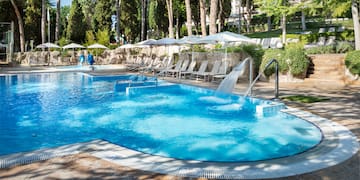 a pool with a waterfall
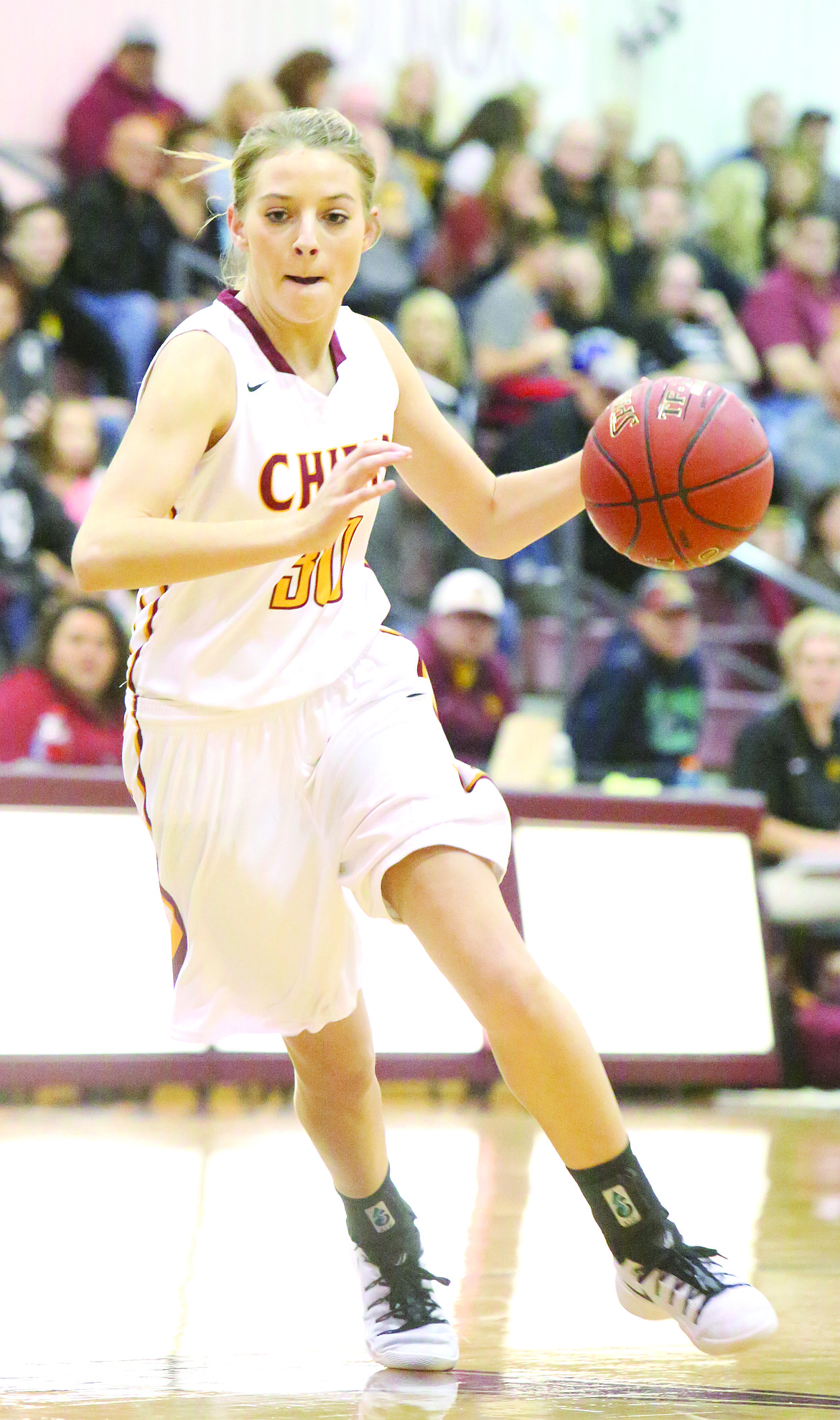 Connor Vanderweyst/Columbia Basin Herald - Moses Lake forward Jessica Olson dribbles.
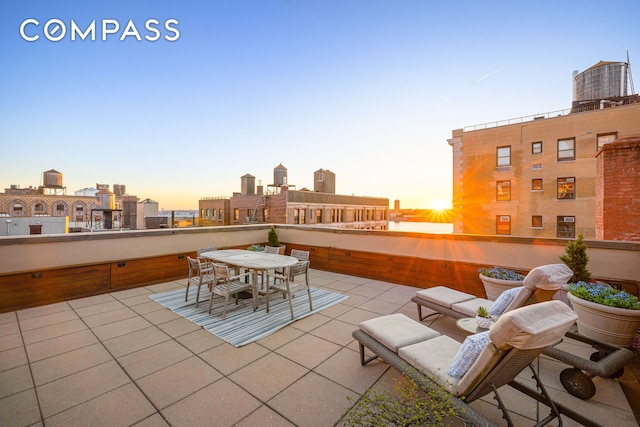 view of patio with a view of city and outdoor dining area
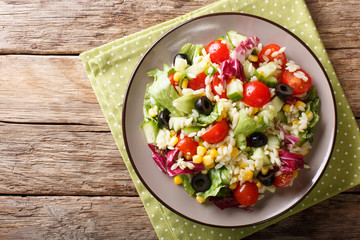Italian vegetable salad with orozo pasta close-up on a plate. horizontal top view from above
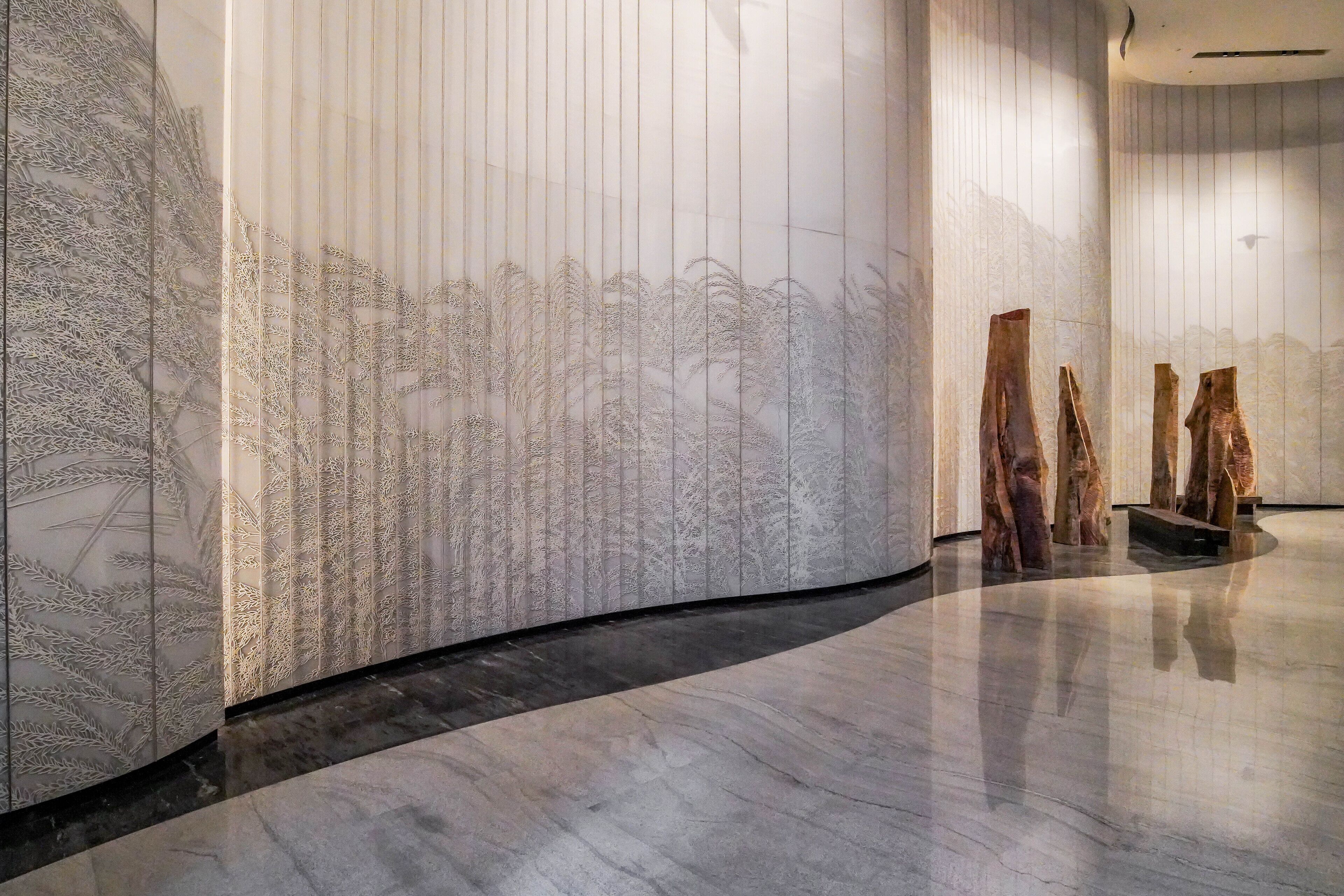 A modern interior with a curved wall featuring a detailed mural, a polished marble floor, and a few wooden sculptures.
__________________________________________________
-- What the task requires --
Transcribe exactly, please, the lines between the start of the records above and the line holding "Italian vegetable salad", counting both of those lines and omitting pictures.

-- Task solution --
 a pool with a waterfall
 Connor Vanderweyst/Columbia Basin Herald - Moses Lake forward Jessica Olson dribbles.
 view of patio with a view of city and outdoor dining area
Italian vegetable salad with orozo pasta close-up on a plate. horizontal top view from above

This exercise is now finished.